Il falso problema del 3 per cento

Nell’ambito di una campagna elettorale monopolizzata dallo scontro senza quartiere tra Lega e Movimento 5 Stelle, torna prepotentemente sul tappeto la questione del famoso vincolo del 3 per cento nel rapporto deficit/Pil. Un vincolo che Matteo Salvini ha ribadito di non tenere in grande considerazione, cosa che ha fatto scattare l’immediata reazione del rivale Luigi Di Maio, il quale ha dato dell’irresponsabile al ministro dell’Interno, reo di contribuire alla pericolosa risalita del famigerato spread.

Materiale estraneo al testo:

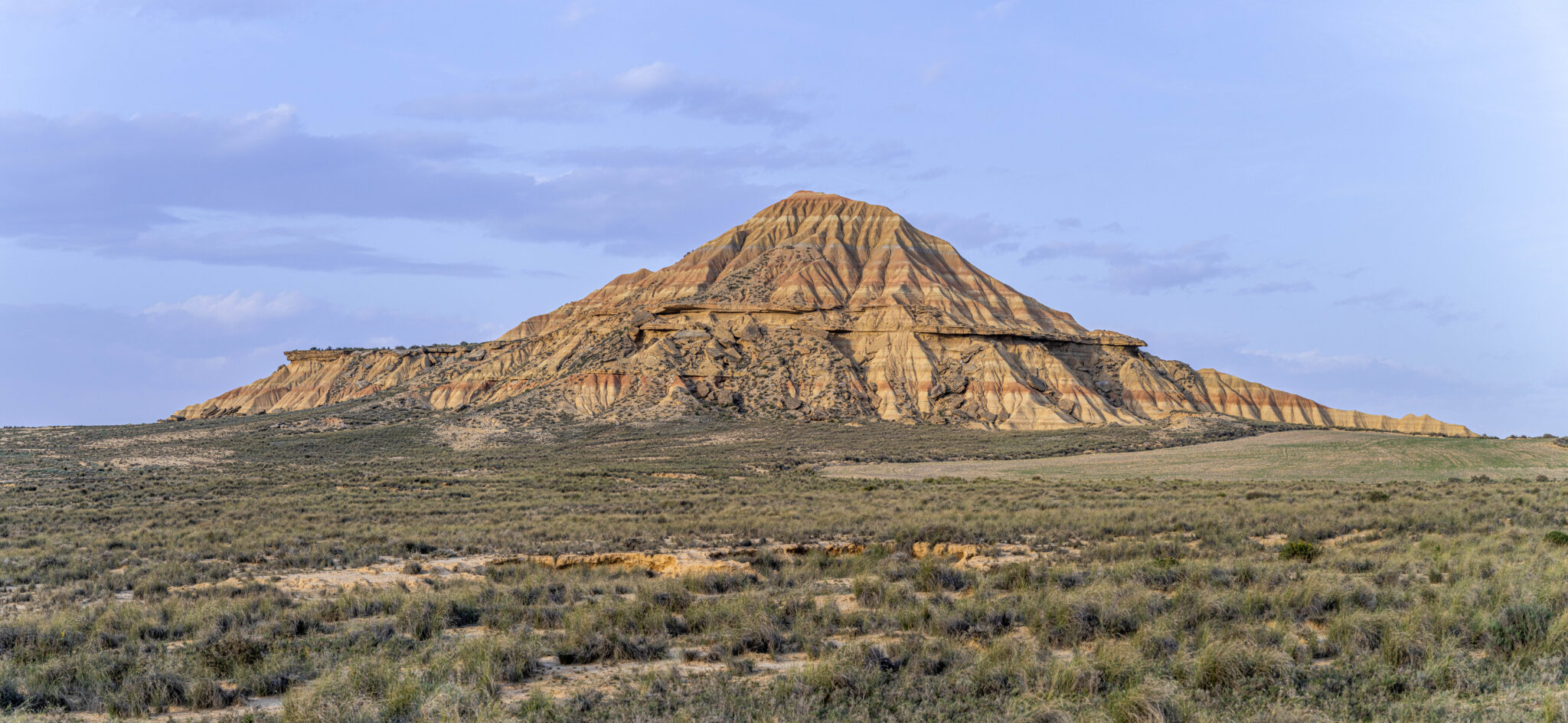 20230331-192534-DSC_2706-Pano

Tuttavia sarebbe il caso di ricordare che solo pochi mesi fa, il 28 agosto del 2018 per la precisione, il signorino soddisfatto a capo dei grillini rilasciava una lunga intervista al Fatto Quotidiano nella quale, in estrema sintesi, considerava sbagliata tale regola e, pertanto, da superare nell’interesse del popolo sovrano. In quell’occasione il nostro ineffabile Giggino ritirò fuori una classica bufala a 5 Stelle, poi ampiamente smentita da chi ha effettivamente ha elaborato il Trattato di Maastricht, secondo cui un presunto funzionario del Governo francese si sarebbe inventato di sana pianta il citato vincolo di bilancio.

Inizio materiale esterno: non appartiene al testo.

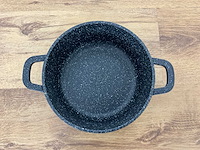 Edenberg eb-8116 pan - afbeelding 1 van  2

In realtà, come ha provato a spiegare un ben preparato economista della “Bocconi” allo sprovveduto deputato pentastellato Alvise Maniero, nel corso di Sky Tg24 Economia, il tanto contestato 3 per cento rappresentava, nel periodo in cui si stava realizzando l’unione monetaria, un limite ponderato in grado di consentire ai vari Paesi interessati di tenere sotto controllo il debito pubblico. Ciò in rapporto ai tassi medi di crescita nominale dell’epoca. Ma oggi, con una inflazione che stenta a ripartire e con una economia italiana praticamente stagnante da parecchi lustri, tale limite risulta del tutto superato. Superato ovviamente non nel senso che auspicherebbero i tifosi di una forsennata politica di deficit-spending: tutt’altro!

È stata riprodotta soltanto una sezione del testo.